Companies need us to stay online and like things to provide them with information. We want to go online and like things so that we can promote ourselves and create an image of how we want to be perceived by our friends. Without us, companies don’t receive their information. But it doesn’t look like they will have a shortage any time soon, as there are millions online sharing and liking. It’s a cycle. And knowing that the information I provide is being used to generate money (and I am not being paid), I don’t think it will change my online habits. Up till now I have been sharing my information online, ignorant to how it is being used. But as long as Facebook, Instagram and Twitter provide the services they promise, then I will continue to use them. If companies are creative enough to create online media which inspires or makes me laugh, I will still ‘like’ it.

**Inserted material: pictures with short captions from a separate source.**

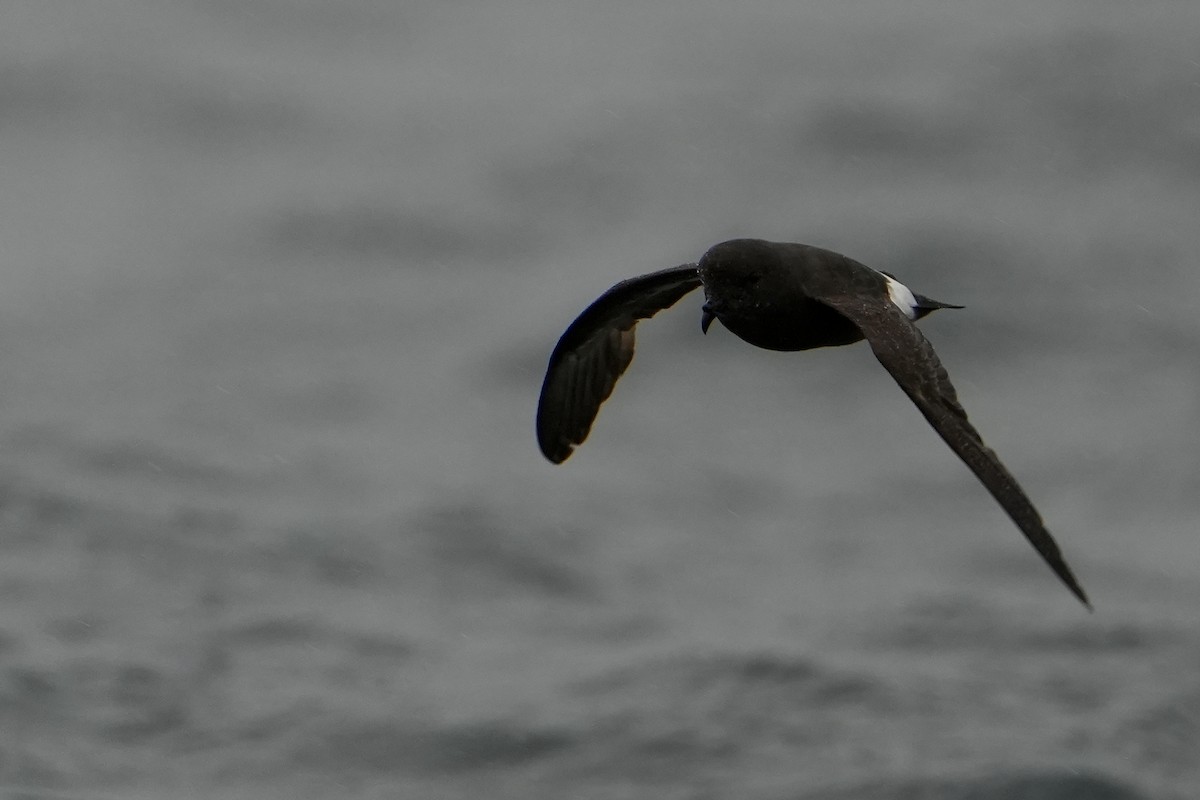 ヒメウミツバメ - ML646713558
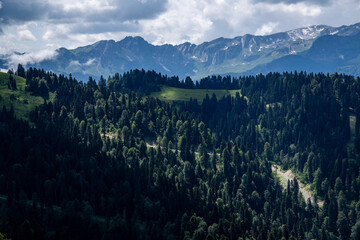 View of the Rocky Mountains on a sunny summer day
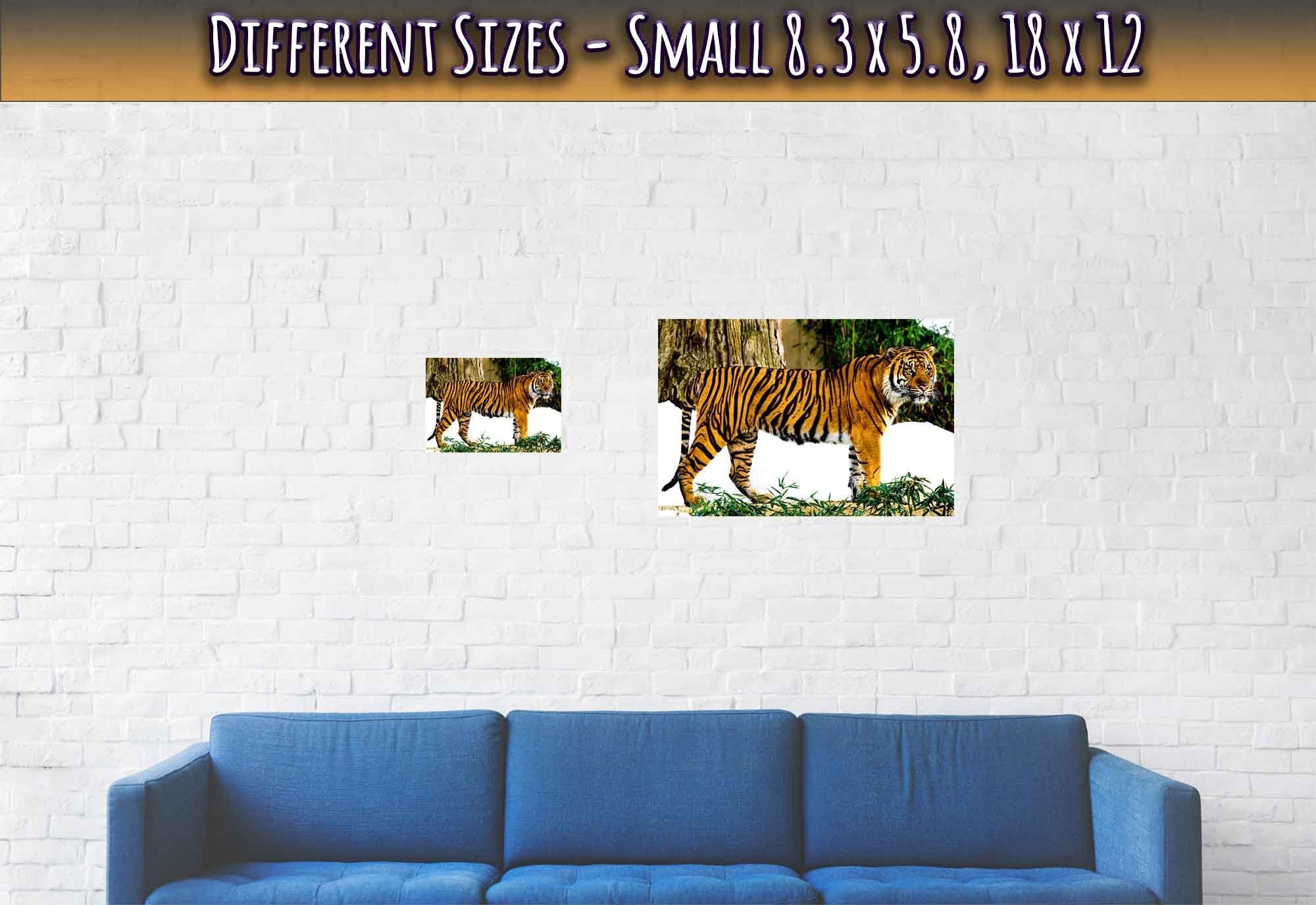 Tiger Poster, Sumatran Tiger Smithsonian National Zoo 2009 - WallArtPrints4U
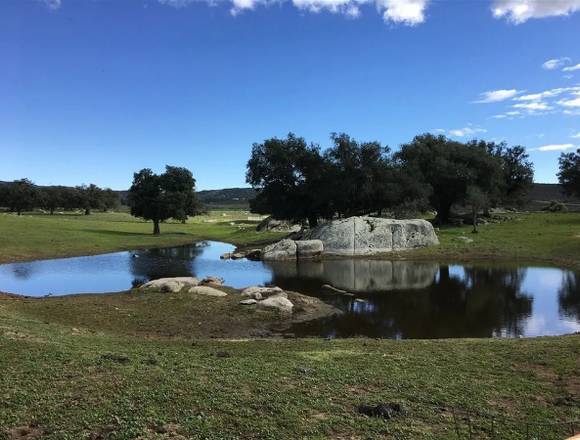 Oportunidad de inversion en San Diego County en Tijuana (Municipio)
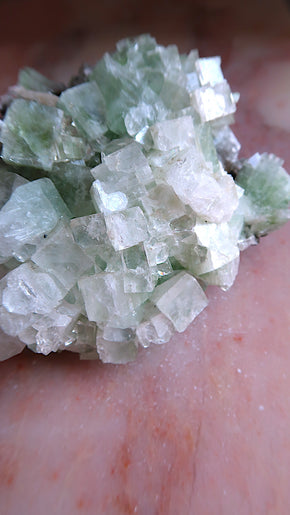 Large Premium Green Apophyllite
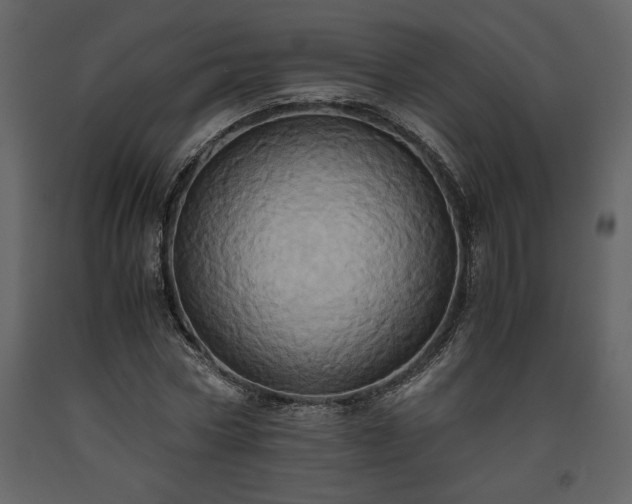 X0000093610778200710221606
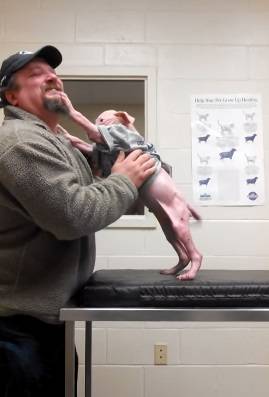 Vídeo: filhote de pit bull reconhece protetor que o resgatou e agradece com lambidas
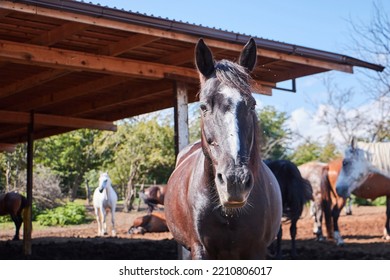 Horses On The Ranch. Horse Breeding Farm For Sports And Tourism.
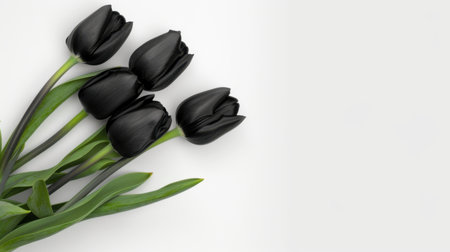 This striking image features elegant black tulips artfully arranged with lush green leaves, set against a clean white background, creating a fresh and modern aesthetic.の素材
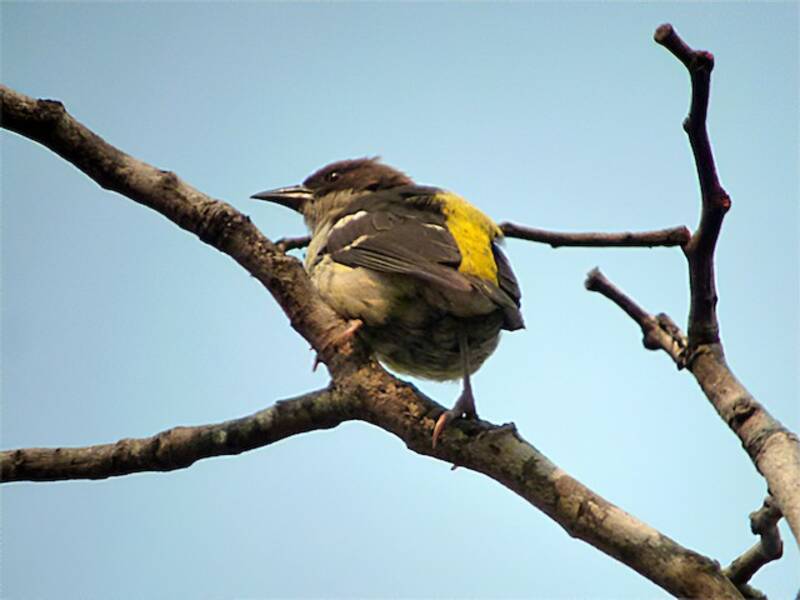 Bar-winged Weaver, Photos 3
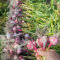 plantas de ajo - bulboss ajo elefante jardín de ajo orgánico bulbos de floración temprana plantas vegetales verduras de invierno jardín hierbas balcón plantas 10pcs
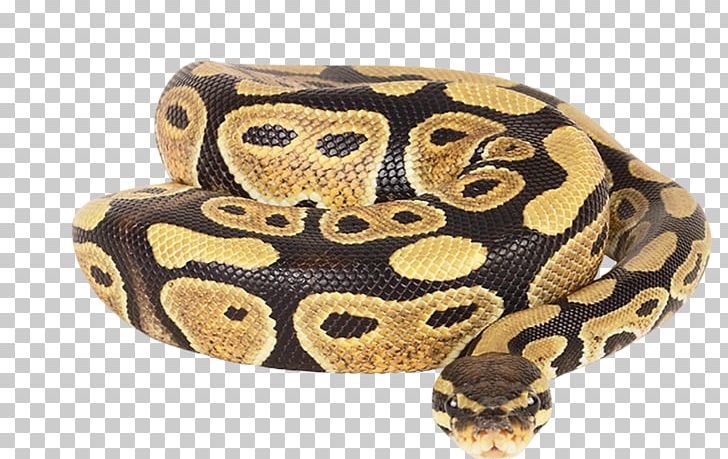 Dwarf Burmese Python Ball Python Reticulated Python African Rock Python Snake PNG, Clipart, African Rock Python, Anaconda, Animals, Ball Python, Boa Constrictor Free PNG Download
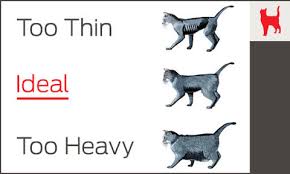 Compare your pet's condition to this weight chart and learn about other tools for assessing its weight. Average Cat Weight How Much Should A Cat Weigh Purina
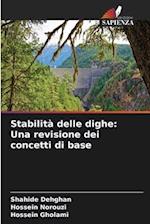 Stabilità delle dighe: Una revisione dei concetti di base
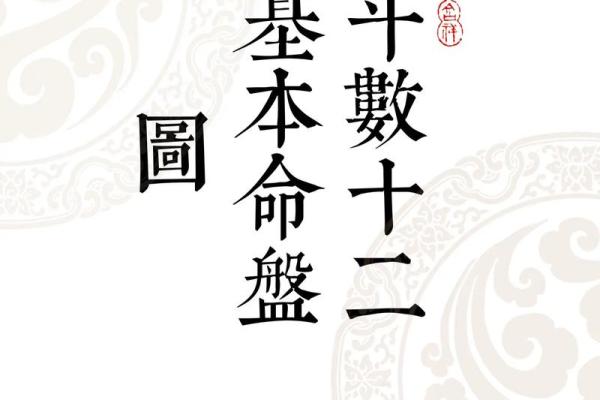 紫薇斗数掌决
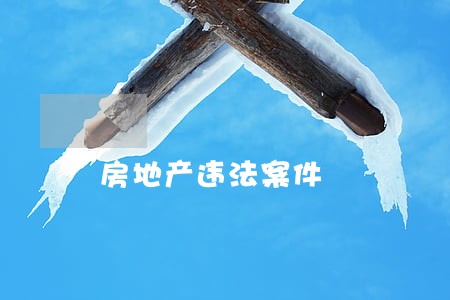 房地产违法案件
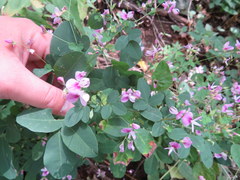 Lespedeza frutescens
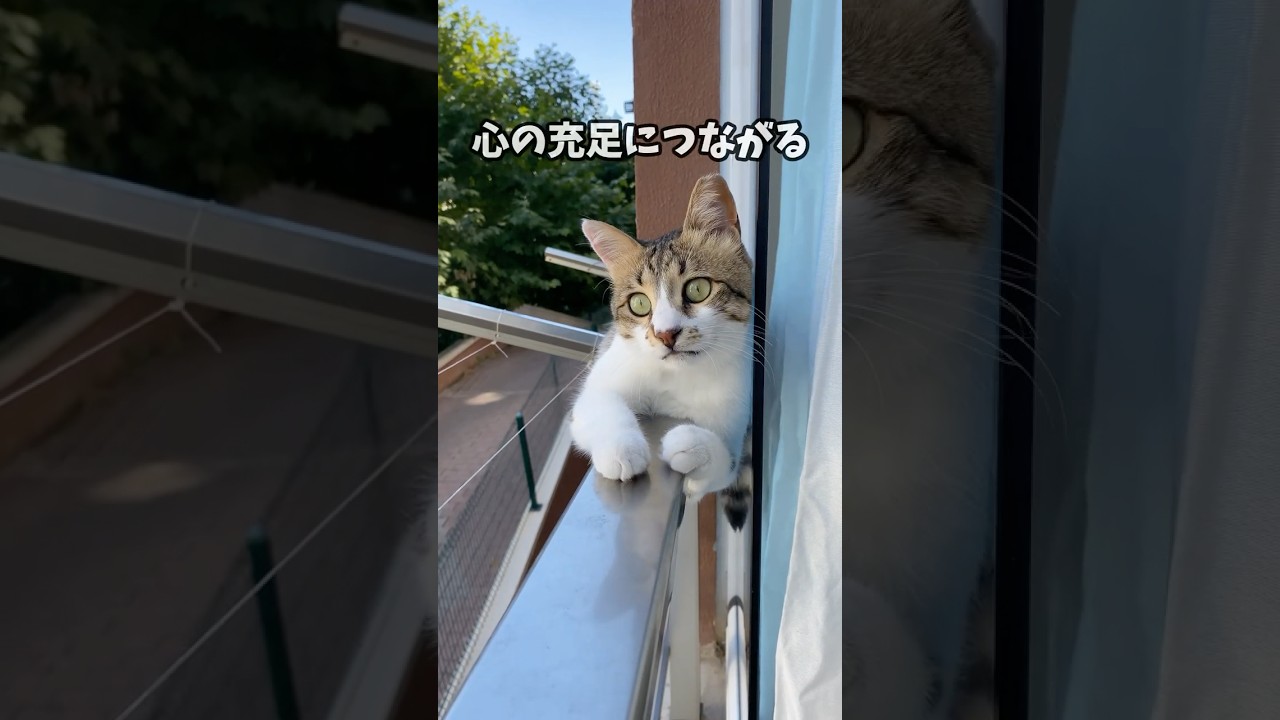猫が幸せになる環境3選! #猫好き #雑学 #あるある #ねこ #ネコ #猫 #猫動画 #cat #猫のいる暮らし #ねこたんの解説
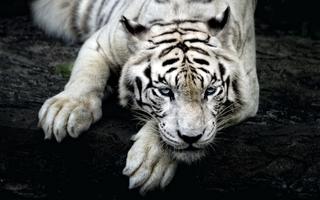 برنامه‌نما Big Cats Live Wallpaper عکس از صفحه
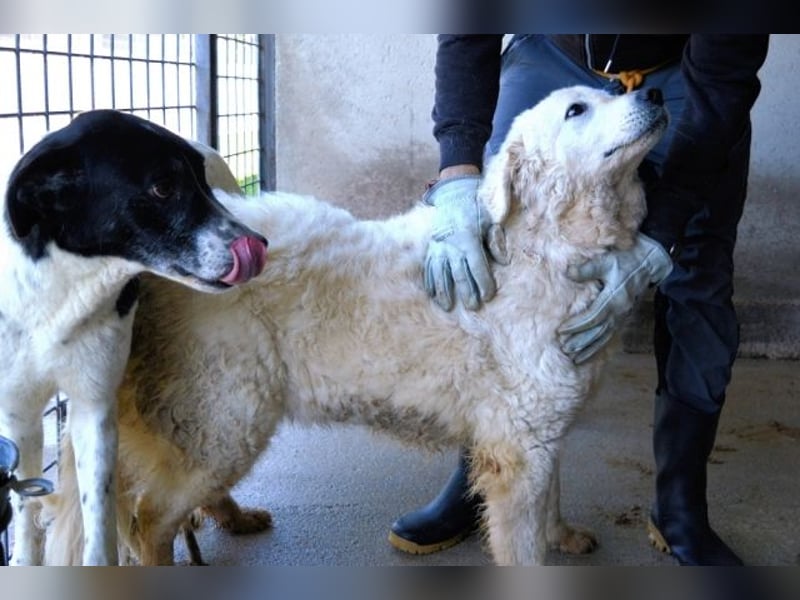 Imeria - Vielleicht bin ich dein leises Ja?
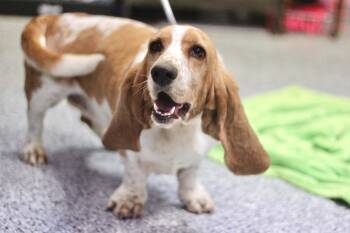 Basset Hound Dogs Available for Adoption in Manchester, New Hampshire - Ivy Lou In NH! Come Meet Our Adoptable Dogs Wednesday-Saturday.  | PetCurious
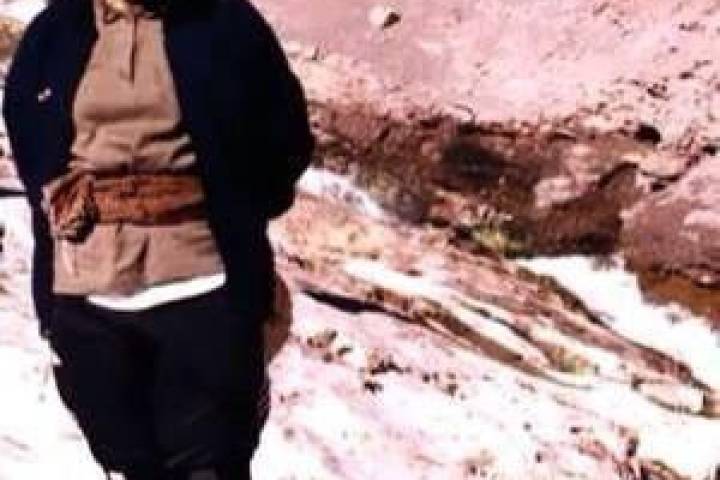 آدم که از انجام وظیفه خسته نمیشه…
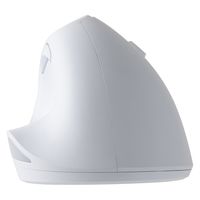 ナカバヤシ 無線静音5ボタンエルゴノミクスマウスホワイト MUS-RKF179W 1個（直送品）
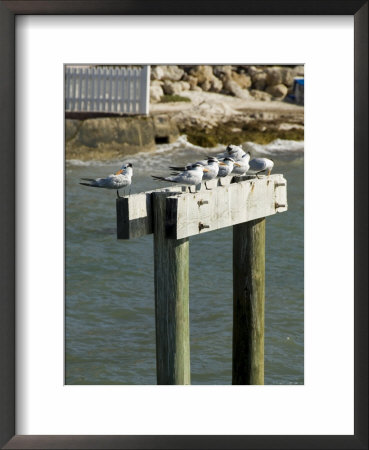Sea Birds On Post, Key West, Florida, Usa by R H Productions Pricing Limited Edition Print image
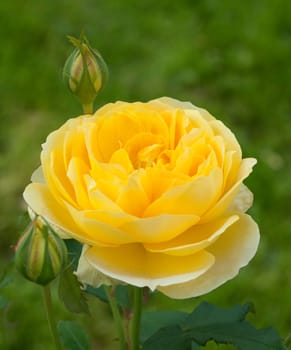 Englische Rose, Molineux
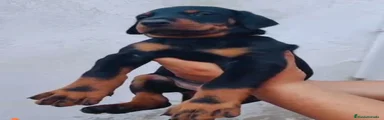 Dobermann 1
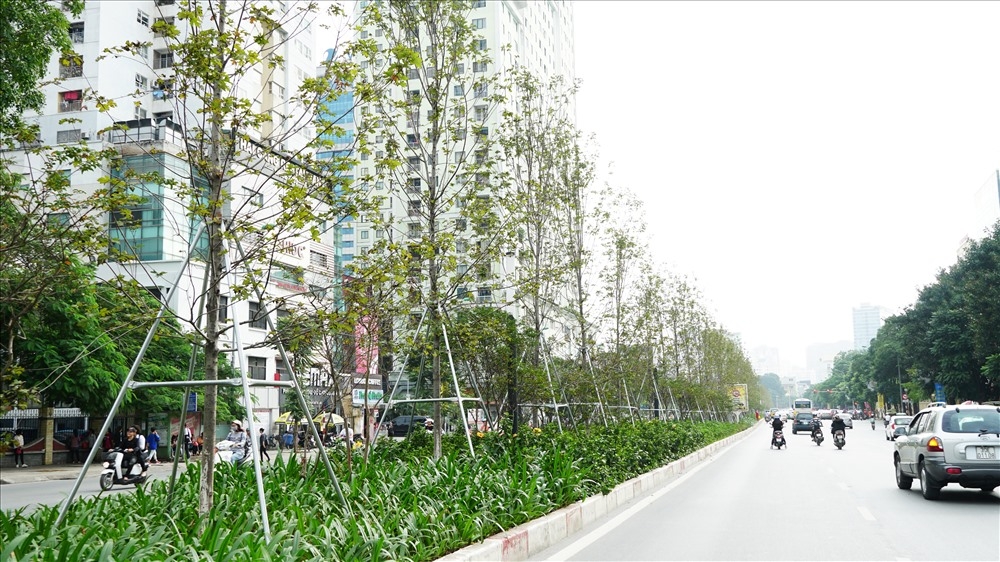 Sai phạm xảy ra trong quá trình thực hiện chương trình trồng mới, thay thế, bổ sung, chăm sóc cây xanh trên địa bàn thành phố Hà Nội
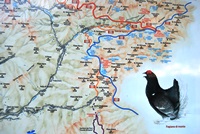 Laghi Gemelli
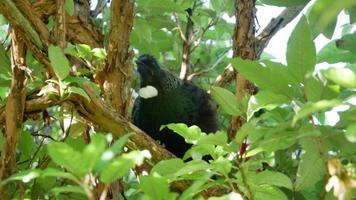 un pájaro tui en el acantilado video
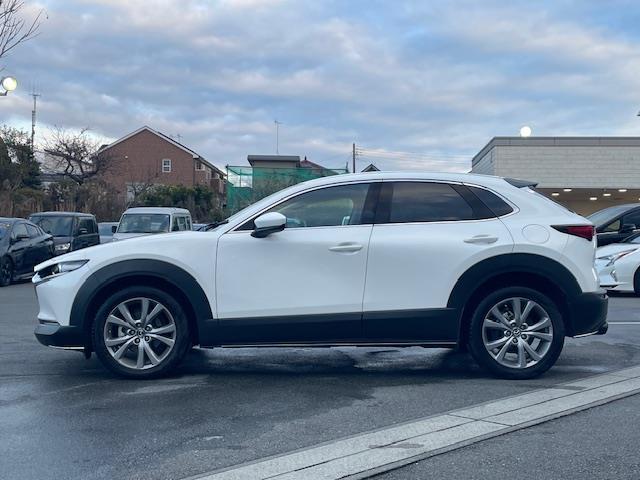 ＣＸ－３０ ２０Ｓ　プロアクティブ　ツーリングセレクション　純ナビ／全カメ／ドラレコ／ＥＴＣ／ライダークルーズコントロール／ＨＵＤ／ＢＳＭ／パドルシフト／電動ＰＢ／オートＢＨ／電格ウィンカーミラー／革ステ／ステスイ／ステアヒーター／スマートブレーキサポート（33枚目）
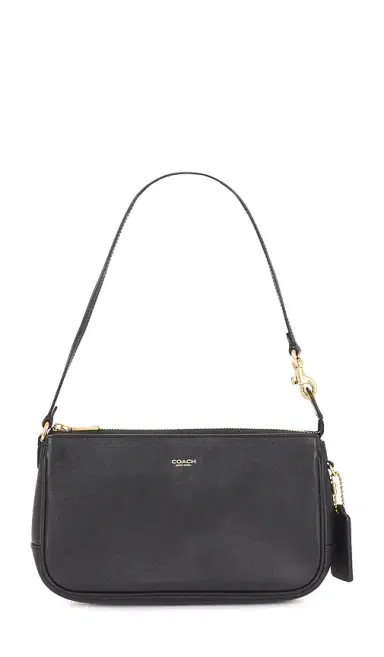 Coach Natural Grain Leather Plaza Bag | Thumbnail 1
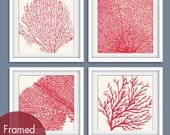 Underwater Sea Coral Collection (Series C) Set of 4 - 12x12 Art Poster Prints (Featured in Soft Cream and Ruby Red)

What connections can you make with the role of a Social Media Producer?
“You are your own media company.”
A Social Media Producer deals with content across all social media platforms. There was a section of the documentary which focused on a company promoting a movie. They wanted the content they produced to gain traction and be popular online which would advertise the movie for them. Where they get paid to do this, we don’t. I share posts, photos, and videos online because they interest me and I like them enough to want to share them with my friends. This isn’t a bad thing.
What ideas does this documentary raise in regards to the event your group is planning and the task of achieving participatory engagement?
The documentary highlighted the importance of networking. In particular, it focused on how YouTubers collaborate with one another to help introduce new talent in the hope of spreading the web of subscribers. If someone who is a ‘millionaire in the currency of likes’ features an up and coming YouTuber, this helps attract an audience without employing the ‘corporate suspects’.
“…tonnes of people are competing for attention, so it’s harder to get”
“…soon all those little likes turned into Youtube gold: corporate sponsorship.”
Online, without connections, everyone is just trying to make something of themselves and step up on the social media ladder. In order to have engagement with our idea and to get attention around it, it really needs to be unique. In needs to be engaging. People need to have that desire to spread it around. Basically, there are millions online, so we need to do something that is hopefully not gonna get lost in the sea of people trying to get everyone else’s attention.
“It’s way easier to get famous by being outrageous.”
That’s not to say that our groups work will attempt to be outrageous, but in order to have people engage with it, it definitely needs to stand out, or we need to have the right people promoting it.